Posted: Tue Jul 14, 2020 1:44 pm
by PB
I found some code which I may have already posted here, perhaps it could help you understand how to deal with UTF-8

Code: Select all

#include <wx/wx.h>
#include <wx/ffile.h>

class MyApp : public wxApp
{
public:
    bool OnInit() override
    {
        // nihongo in kanji
        const char* UTF8literal = "\xe6\x97\xa5\xe6\x9c\xac\xe8\xaa\x9e";
        const wxString filePath = "uft8File.txt";

        wxString outStr = wxString::FromUTF8(UTF8literal);
        wxString inStr;
        wxFFile  utf8File;
        size_t   utf8FileSize = 0;

        // create and write a string to file
        if  ( !utf8File.Open(filePath, "w")
               || !utf8File.Write(outStr, wxConvUTF8) )
        {
            return false;
        }
        utf8File.Close();

        // read a string from file
        if  ( !utf8File.Open(filePath, "r")
               || !utf8File.ReadAll(&inStr, wxConvUTF8) )
        {
            return false;
        }
        utf8FileSize = static_cast<size_t>(utf8File.Length());
        utf8File.Close();

        wxLogMessage("outStr: '%s' (length %zu, size in bytes %zu)\n"
                     "inStr: '%s' (length %zu, size in bytes %zu)\n"
                     "UTF-8 string literal size in bytes: %zu\n"
                     "utf8File size in bytes: %zu",
                     outStr, outStr.size(), outStr.size() * sizeof(wxStringCharType),
                     inStr, inStr.size(), inStr.size() * sizeof(wxStringCharType),
                     outStr.ToUTF8().length(),
                     utf8FileSize);

        return true;
    }
}; wxIMPLEMENT_APP(MyApp);
utf8file.png
utf8file.png (6.57 KiB) Viewed 259 times
Just a reminder, UTF-16 encoded wxString (used e.g. on MSW, macOS, or Qt) does not work properly with characters outside the Basic Multilingual Plane (i.e., not fitting into a 16-bit wchar_t), since it does not support surrogate pairs.

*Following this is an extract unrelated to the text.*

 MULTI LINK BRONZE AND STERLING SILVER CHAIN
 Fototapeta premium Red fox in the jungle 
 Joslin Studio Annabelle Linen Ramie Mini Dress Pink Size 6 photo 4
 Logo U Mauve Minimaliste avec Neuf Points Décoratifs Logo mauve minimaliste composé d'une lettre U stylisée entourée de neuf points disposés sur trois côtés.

Re: writing/reading uft-8 from special chars to a file

Posted: Thu Jul 16, 2020 5:45 pm
by mael15
That was really helpful, thanx! I made some simple tests and it took some time but works now. I use libxml2 but had some old unnecessarily complicated details to clean up. It is surprisingly complicated how strings are converted and how to save, read and reverse it.